Pipeline Architecture

Below we can see a sample of raw sporting event data. In its current form, it is more detailed than what is needed by our hypothetical app. By using one or more Decodable pipelines, which are streaming SQL queries that process data, we can transform the raw data into a form that is best suited for how it will be consumed.

For this example, two separate pipelines are used in series, with the output of each one being used as the input for the next. While it is possible to perform all the desired processing in a single large, complex pipeline, it is most often desirable to split them into smaller, more manageable processing steps. This results in pipelines that are easier to test and maintain. Each stage in the sequence of pipelines is used to bring the data closer to its final desired form using SQL queries.

Decodable uses SQL to process data that should feel familiar to anyone who has used relational database systems. The primary differences you’ll notice are that:

  • You activate a pipeline to start it, and deactivate a pipeline to stop it
  • All pipeline queries specify a source and a sink
  • Certain operations, notably JOINs and aggregations, must include windows

Unlike relational databases, all pipelines write their results into an output data stream (or sink). As a result, all pipelines are a single statement in the form INSERT INTO <sink> SELECT ... FROM <source>, where sink and source are streams you’ve defined.

Unnest Data Stream Array

Each record of the sample raw event stream contains data about player actions during a sporting event. A single events field contains an array of event data that needs to be unnested (or demultiplexed) into multiple records. To accomplish this, a cross join is performed between the events-raw data stream and the results of using the unnest function on the events field.

For example, if a given input record contains an array of 25 player actions, this pipeline will transform each input record into 25 separate output records for processing by subsequent pipelines.

When the pipeline is running, the effects of unnesting the input records can be seen in the Overview tab which shows real-time data flow statistics. The input metrics will show a given number of records per second, while the output metrics will show a higher number based on how many elements are in the events array.

As the records are being unnested, the type of player action is also being transformed into specific fields which will be used to create summary statistics.

Pipeline: Extract Player Action Events

After creating a new pipeline and entering the SQL query, clicking the Run Preview button will verify its syntax and then fire up a new executable environment to process the next 10 records coming in from the source stream and display the results. Decodable handles all the heavy lifting on the backend, allowing you to focus on working directly with your data streams to ensure that you are getting the results you need.

Aggregate And Filter Sporting Events

This final pipeline stage leverages the SQL hop group window function to create a set of records across a fixed 5-minute duration and hops (or slides) by an interval of 1 minute. Because the hop interval is smaller than the window size, the hopping windows are overlapping. Therefore, records from the data stream are assigned to multiple windows. Every minute, a new record is generated that contains a summary of the past 5 minutes. This results in a set of summary statistics that slide forward in time as the sporting event progresses.

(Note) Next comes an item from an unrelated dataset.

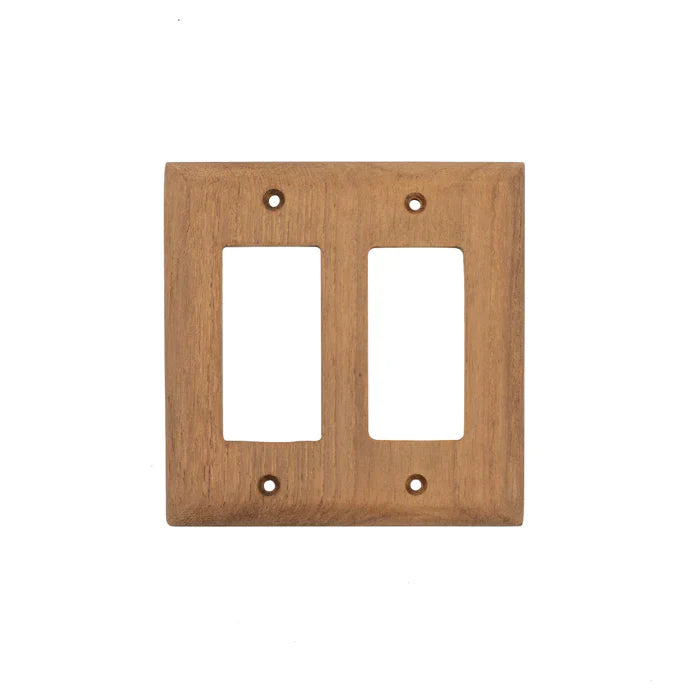 Whitecap 60180 Double Rock Switch Plate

Pipeline: Aggregate Player Action Statistics

Conclusion

At this point, a sink connection (one that writes a stream to an external system, such as AWS S3, Kafka, Kinesis, Postgres, Pulsar, or Redpanda) can be created to allow the results to be consumed by your own applications and services.

As we can see from this example, a sophisticated business problem can be addressed in a very straight-forward way using Decodable pipelines. It is not necessary to create docker containers, there is no SQL server infrastructure to set up or maintain, all that is needed is a working familiarity with creating the SQL queries themselves.


You can watch demonstrations of several examples on the Decodable YouTube channel.

Additional documentation for all of Decodable’s services is available here.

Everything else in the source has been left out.